Under the principle of non-refoulement, set out in Article 33 of the Refugee Convention, the Bahamas is obliged to ensure that no person is returned, directly or indirectly, to a country where, 'his life or freedom would be threatened on account of his race, religion, nationality, membership of a particular social group or political opinion.'
Implicit in the principle of non-refoulement is the necessity to establish a satisfactory asylum procedure.
'The government of the Bahamas is failing to ensure that people arriving in the Bahamas seeking refuge are afforded effective access to a full and fair procedure to determine whether they would be at risk of human rights violations if returned to their country of origin,' Amnesty International said.
The organisation is also urging the authorities of the Bahamas to immediately cease the practice of detaining asylum-seekers and preventing them from getting access to interpreters, and securing legal assistance - including from the UNHCR and appropriate non-governmental organisations - as required by international standards.
'Asylum-seekers in the Bahamas are being held with common criminals, in conditions which are inhumane, unsanitary and overcrowded and which may amount to cruel, inhuman and degrading treatment,' Amnesty International said.
The organisation also urged the government to comply with international standards on refugees which unequivocally prohibit the detention of Children's rights under the age of 18.
'The government should take all necessary measures to establish procedures to determine asylum claims in keeping with relevant international standards,' Amnesty International said.
'Such procedures should include an independent and specialised decision-making body, with provisions for an effective appeal against any decision to refuse asylum. Asylum seekers must be allowed to stay in the country for the duration of the appeal,' the organisation added.
According to reports received by Amnesty International, the 222 Haitian nationals detained on Friday 28 April 2000 in Fox Hill prison and the 123 placed in the custody of the Royal Bahamas Defence Force in Matthew Town last Friday have not been informed of their right to apply for asylum, and have been denied the right to legal counsel, the assistance of interpreters and the right to contact and have access to the Office of the UNHCR.

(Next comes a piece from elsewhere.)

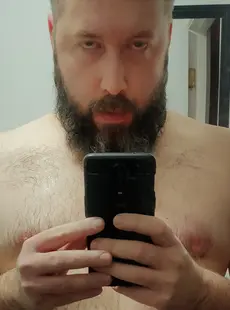 Onlyfans SlugsOfCumGuy (slugsofcumguy) 154019037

Amnesty International also understands that at least one high-ranking official from the Ministry of Immigration has stated that applications for asylum do not fall within the remit of the Ministry, even though immigration authorities are understood to be handling the transfer, detention and proposed return of the Haitian nationals.
Amnesty International and other international organisations have repeatedly expressed concern about the failure by the Bahamas to uphold international standards regarding refugees.
Amnesty International has long-standing concerns regarding the human rights situation in Haiti since the country's emergence from a military regime in 1994. The organisation is unable to make any assessment on the veracity of any of the claims made by the recent arrivals. However, several independent journalists and other witnesses have stated that a number of the Haitian nationals they interviewed reported individual accounts of fleeing persecution, amidst the general escalating climate of political intimidation and violence that has occurred in recent weeks as Haiti prepares to hold long- overdue elections. A number of those recently arrived are believed to be affiliated with an opposition political coalition party.
The number of Haitians forcibly returned from the Bahamas so far this year is estimated at 1,600.